| Data segment |
※

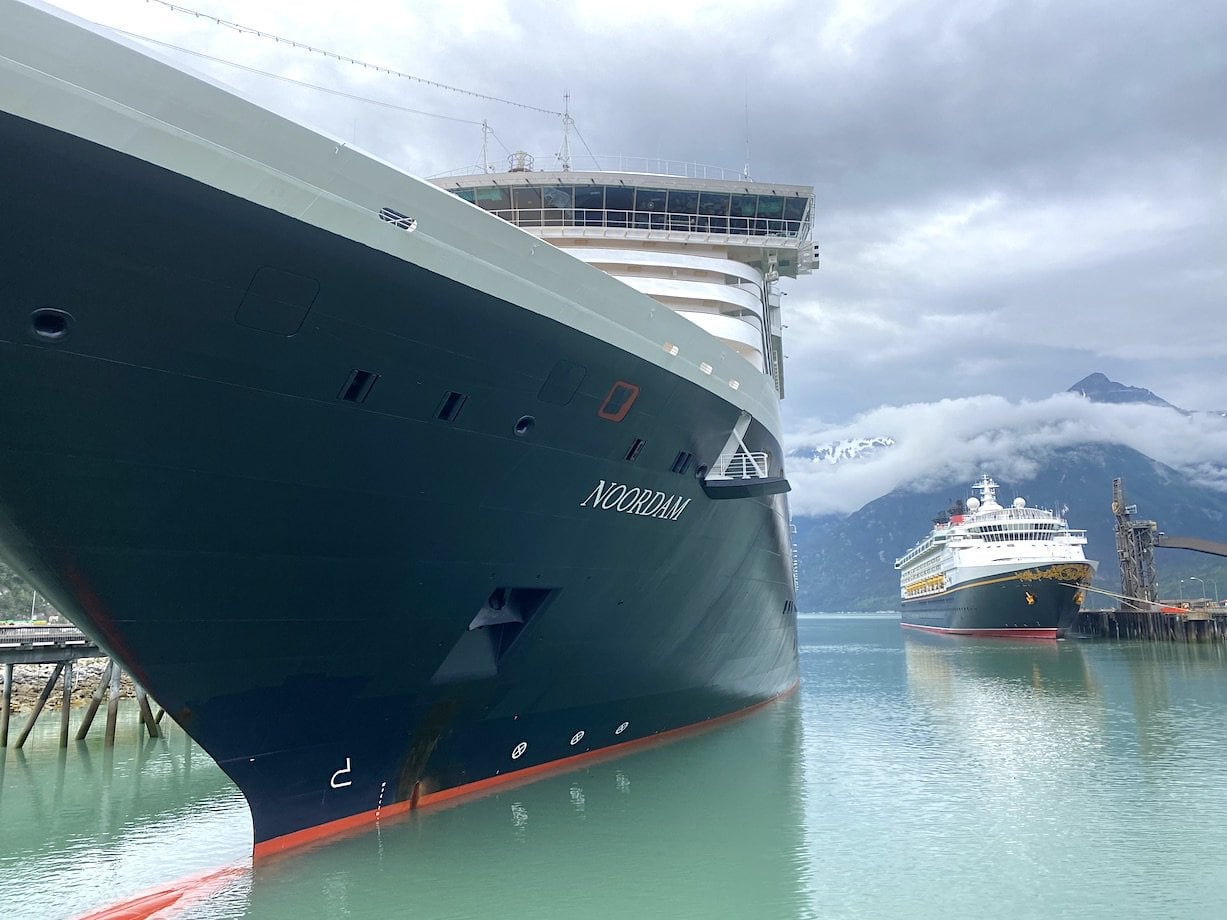 Beautiful ships Cruiseships in Skagway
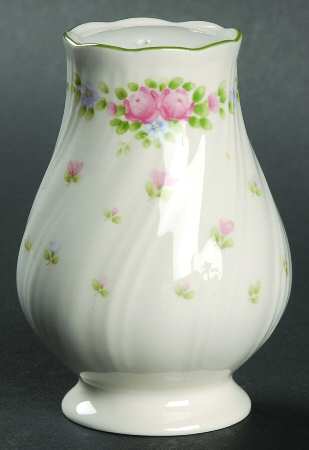 Garland Salt Shaker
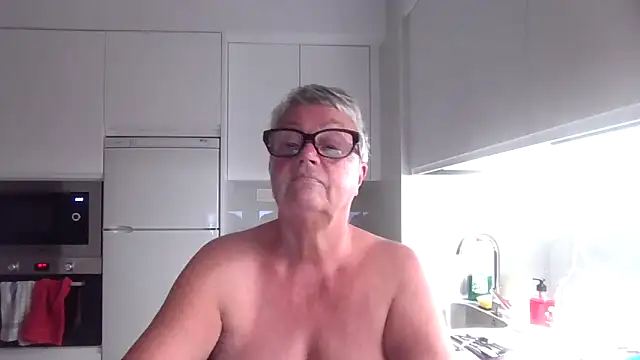 GrannyChrissy68 online show from 10.16.25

※

| Exercise |
All of the material above needs to be restated exactly, with no pictures.

| Written solution |
 Beautiful ships Cruiseships in Skagway
 Garland Salt Shaker
 GrannyChrissy68 online show from 10.16.25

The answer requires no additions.